__Directions for this task__: Give again, exactly and only, the lines running from the one with "Calvin Klein Vestido Rojo De Manga Larga" to the end of the material below; leave out pictures.

__Dataset excerpt__:

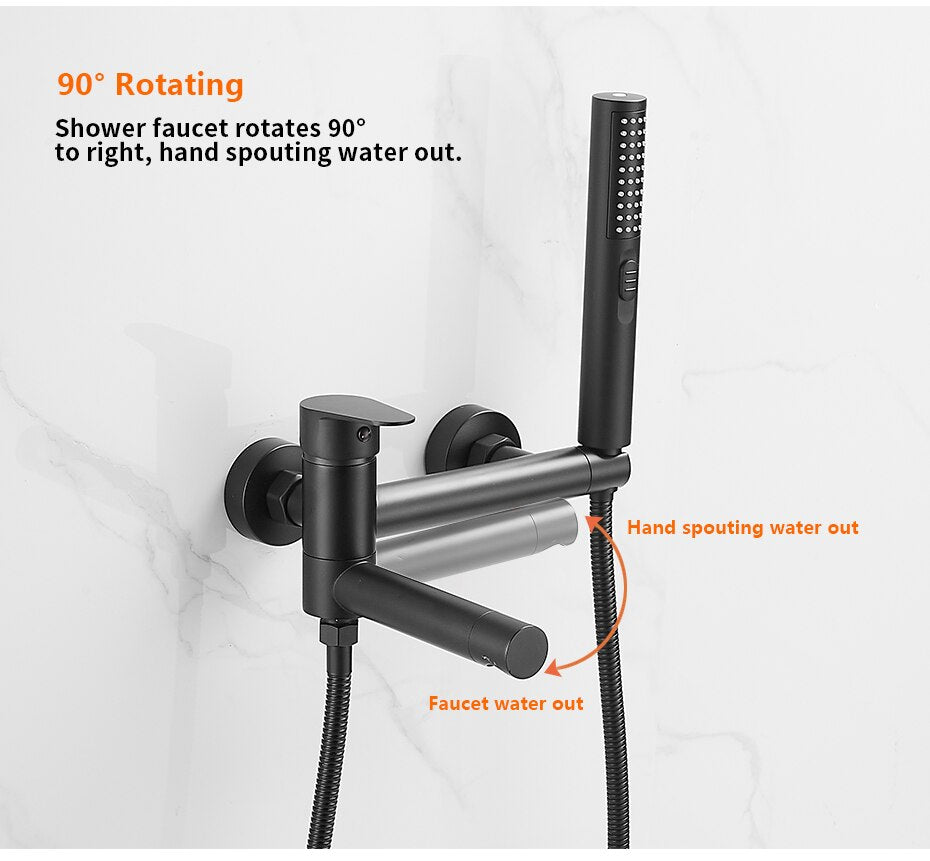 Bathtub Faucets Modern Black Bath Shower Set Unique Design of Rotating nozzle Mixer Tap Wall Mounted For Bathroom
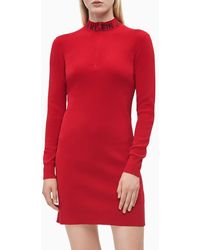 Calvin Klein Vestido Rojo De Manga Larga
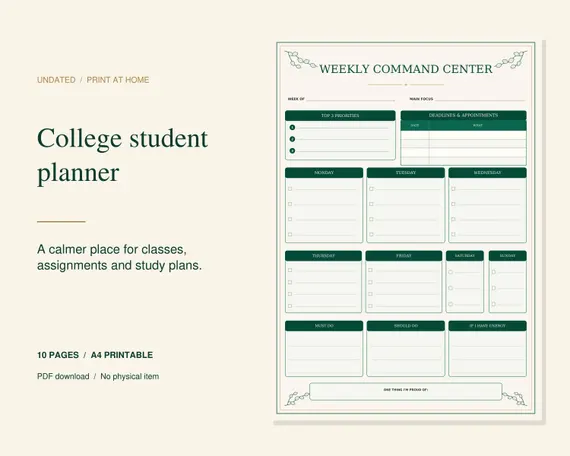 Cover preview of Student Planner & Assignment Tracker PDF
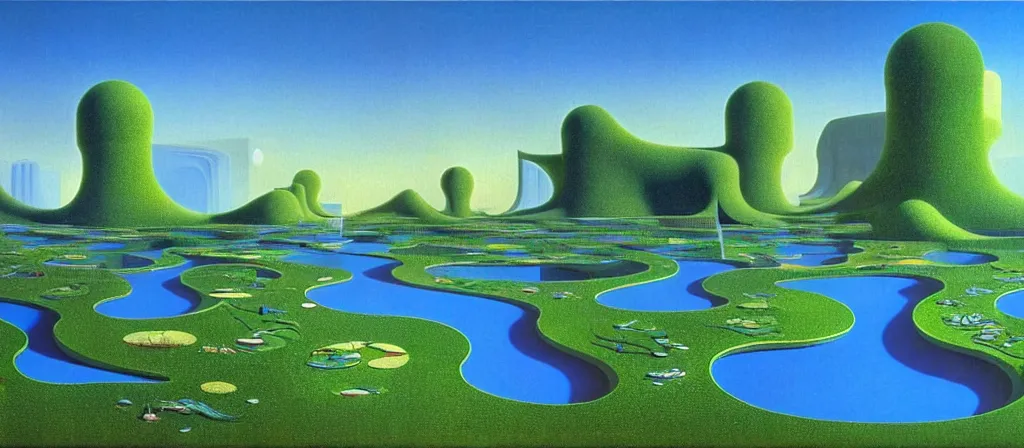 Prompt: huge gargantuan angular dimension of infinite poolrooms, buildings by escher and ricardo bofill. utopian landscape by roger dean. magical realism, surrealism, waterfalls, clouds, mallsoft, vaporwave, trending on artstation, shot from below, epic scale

__Answer box__:
 Calvin Klein Vestido Rojo De Manga Larga
 Cover preview of Student Planner & Assignment Tracker PDF
 Prompt: huge gargantuan angular dimension of infinite poolrooms, buildings by escher and ricardo bofill. utopian landscape by roger dean. magical realism, surrealism, waterfalls, clouds, mallsoft, vaporwave, trending on artstation, shot from below, epic scale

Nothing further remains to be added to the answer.